I’ve learned that there are times and seasons each year to go crazy and eat big, binging and having a good time. There are times to kill the fattened calf and enjoy it. Then, there are other times to fast, embrace being hungry, and refrain from eating the same way as the kings of the world through history. (Seriously only kings though time ate the way our first world nations eat and it’s crazy the surplus of food we consume.)

There is so much more I could say on The Fattened Calf Mentality that I’ve adopted when considering food consumption in my life, but I will end it there for now.

Diet and food are complex. But by simplifying it to the one phrase has helped me grow in leaps and bounds by having a healthier relationship with food.
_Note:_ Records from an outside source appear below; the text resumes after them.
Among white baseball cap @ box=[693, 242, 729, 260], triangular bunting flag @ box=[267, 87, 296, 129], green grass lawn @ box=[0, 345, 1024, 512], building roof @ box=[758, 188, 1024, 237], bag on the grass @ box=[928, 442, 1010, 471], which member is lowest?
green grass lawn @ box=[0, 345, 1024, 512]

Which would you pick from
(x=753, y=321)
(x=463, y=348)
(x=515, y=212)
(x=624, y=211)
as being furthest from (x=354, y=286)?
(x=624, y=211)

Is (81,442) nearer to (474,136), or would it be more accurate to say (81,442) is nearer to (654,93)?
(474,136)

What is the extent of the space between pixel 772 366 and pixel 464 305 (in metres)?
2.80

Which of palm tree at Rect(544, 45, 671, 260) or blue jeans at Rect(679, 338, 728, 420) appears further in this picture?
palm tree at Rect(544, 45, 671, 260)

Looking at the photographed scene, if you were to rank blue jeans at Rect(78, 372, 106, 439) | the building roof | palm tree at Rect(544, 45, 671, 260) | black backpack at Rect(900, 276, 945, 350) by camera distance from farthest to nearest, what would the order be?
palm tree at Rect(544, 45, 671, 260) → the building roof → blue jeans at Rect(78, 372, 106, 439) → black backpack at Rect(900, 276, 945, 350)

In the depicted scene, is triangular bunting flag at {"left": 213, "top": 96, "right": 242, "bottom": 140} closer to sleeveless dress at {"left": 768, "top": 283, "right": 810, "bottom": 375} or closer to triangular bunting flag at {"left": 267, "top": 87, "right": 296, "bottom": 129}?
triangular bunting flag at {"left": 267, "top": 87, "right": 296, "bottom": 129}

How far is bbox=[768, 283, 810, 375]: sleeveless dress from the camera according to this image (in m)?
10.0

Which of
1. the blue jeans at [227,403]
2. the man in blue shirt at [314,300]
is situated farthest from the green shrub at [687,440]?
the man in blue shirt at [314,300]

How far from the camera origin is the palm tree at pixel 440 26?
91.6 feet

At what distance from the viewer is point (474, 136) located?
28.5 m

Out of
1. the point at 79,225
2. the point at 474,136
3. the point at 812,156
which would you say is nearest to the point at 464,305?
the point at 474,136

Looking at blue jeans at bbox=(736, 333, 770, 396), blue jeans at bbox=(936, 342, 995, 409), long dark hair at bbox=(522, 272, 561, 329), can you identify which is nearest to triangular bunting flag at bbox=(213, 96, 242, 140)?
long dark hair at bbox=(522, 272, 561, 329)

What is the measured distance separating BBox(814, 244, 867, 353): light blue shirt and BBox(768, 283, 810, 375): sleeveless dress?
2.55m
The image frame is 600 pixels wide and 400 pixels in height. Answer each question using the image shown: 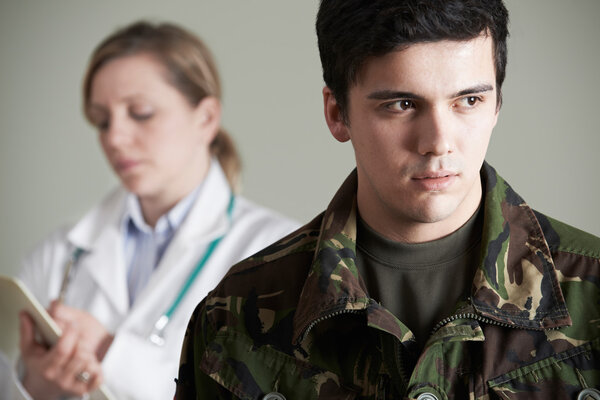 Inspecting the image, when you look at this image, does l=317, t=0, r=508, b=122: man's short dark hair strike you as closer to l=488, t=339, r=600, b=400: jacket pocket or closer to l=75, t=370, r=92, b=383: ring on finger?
l=488, t=339, r=600, b=400: jacket pocket

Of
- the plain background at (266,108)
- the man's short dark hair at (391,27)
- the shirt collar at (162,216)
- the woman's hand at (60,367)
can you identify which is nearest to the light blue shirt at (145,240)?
the shirt collar at (162,216)

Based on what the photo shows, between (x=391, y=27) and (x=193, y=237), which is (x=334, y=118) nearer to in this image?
(x=391, y=27)

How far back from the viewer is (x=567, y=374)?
79cm

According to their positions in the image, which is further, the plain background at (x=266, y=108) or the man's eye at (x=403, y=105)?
the plain background at (x=266, y=108)

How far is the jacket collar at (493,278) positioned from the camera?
2.67 ft

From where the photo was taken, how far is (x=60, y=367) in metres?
1.55

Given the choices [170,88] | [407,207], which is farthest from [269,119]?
[407,207]

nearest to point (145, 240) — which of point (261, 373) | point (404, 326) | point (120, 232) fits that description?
point (120, 232)

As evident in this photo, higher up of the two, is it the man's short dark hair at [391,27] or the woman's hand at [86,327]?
the man's short dark hair at [391,27]

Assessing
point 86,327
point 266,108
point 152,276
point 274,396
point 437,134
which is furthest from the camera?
point 266,108

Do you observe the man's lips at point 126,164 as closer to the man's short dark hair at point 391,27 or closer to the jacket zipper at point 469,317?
the man's short dark hair at point 391,27

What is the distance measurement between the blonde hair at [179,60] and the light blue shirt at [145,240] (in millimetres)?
138

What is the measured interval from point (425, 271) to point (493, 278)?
75 millimetres

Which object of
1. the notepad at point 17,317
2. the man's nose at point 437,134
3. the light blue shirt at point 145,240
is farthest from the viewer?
the light blue shirt at point 145,240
I know I can enjoy food to its fullest, like now, during this holiday season, while making fasting as much a part of my life, if not more, at other times. After unpacking my research and history, I’m hoping this post brings freedom to those who are controlling, strict, and limited with eating as I used to be– and shed light on how we can enjoy food, and drinking even (without actually becoming gluttonous-drunks).

My encouragement is this: be cognizant of what you eat, you only have one body and need to take care of it. But be sure to recognize, embrace, and celebrate those fattened calf moments in life and consume food that you normally wouldn’t– like meat, wine, and an extra dessert– without guilt.